Top of INPUT DATA

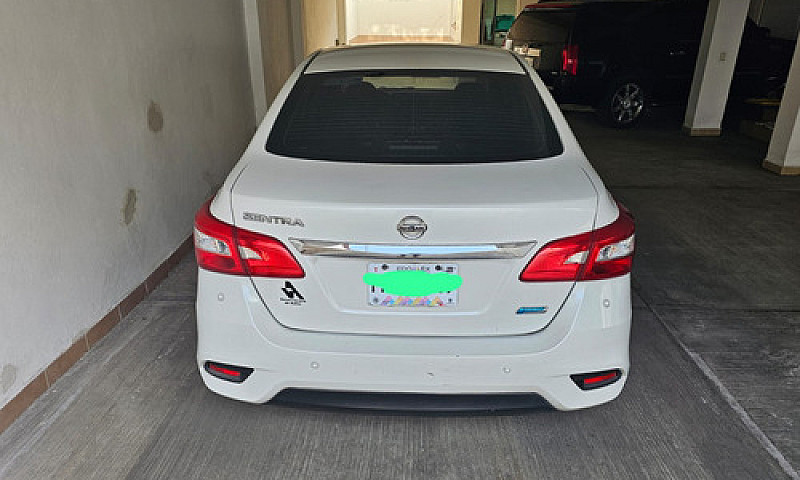 Nissan Sentra 1.8 Ad...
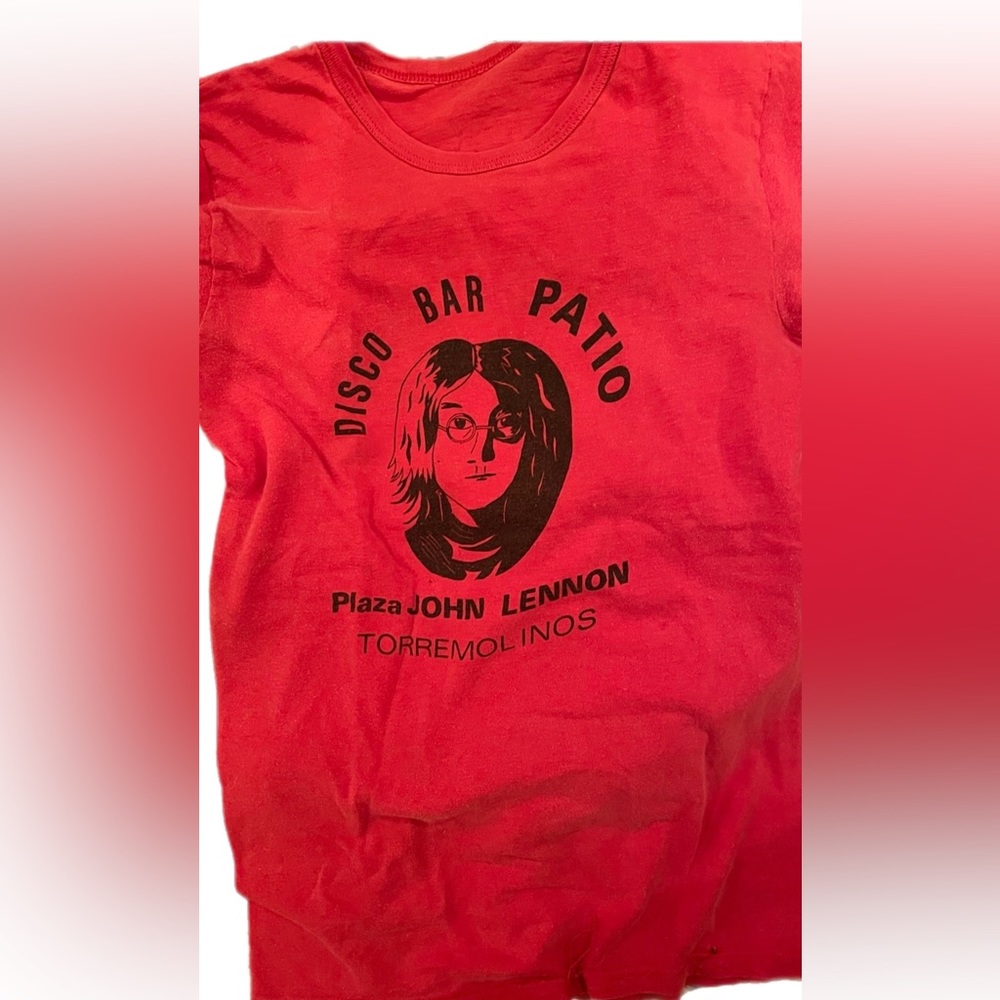 Rare John Lennon t-shirt disco bar patio Plaza JOHN LENNON
TORREMOLINOS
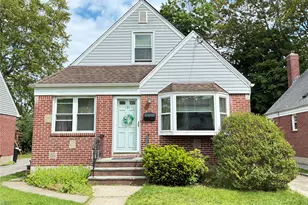 171 Locust St, Floral Park, NY 11001 - Photo 1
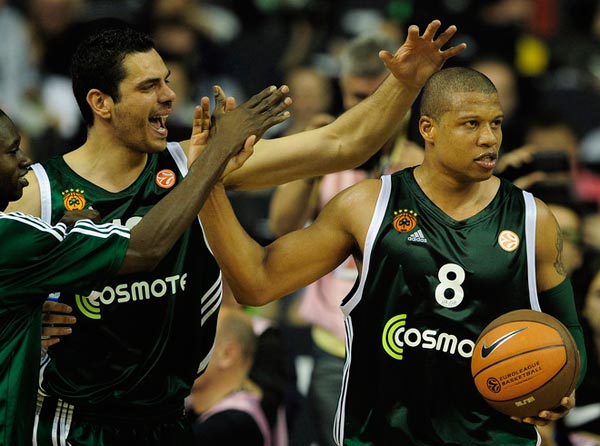 库尔图瓦战曼城全场数据：完成6次扑救，对首粒丢球有责任（库尔图瓦战曼城表现：完成6次扑救，首粒丢球负有一定责任）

Bottom of INPUT DATA

**THE PROBLEM:**
Your task is to set down exactly the lines that run from the line holding "Rare John Lennon" through the close of the entries, including both ends. Pictures stay out.

**SOLUTION FOR THIS TASK:**
 Rare John Lennon t-shirt disco bar patio Plaza JOHN LENNON
TORREMOLINOS
 171 Locust St, Floral Park, NY 11001 - Photo 1
 库尔图瓦战曼城全场数据：完成6次扑救，对首粒丢球有责任（库尔图瓦战曼城表现：完成6次扑救，首粒丢球负有一定责任）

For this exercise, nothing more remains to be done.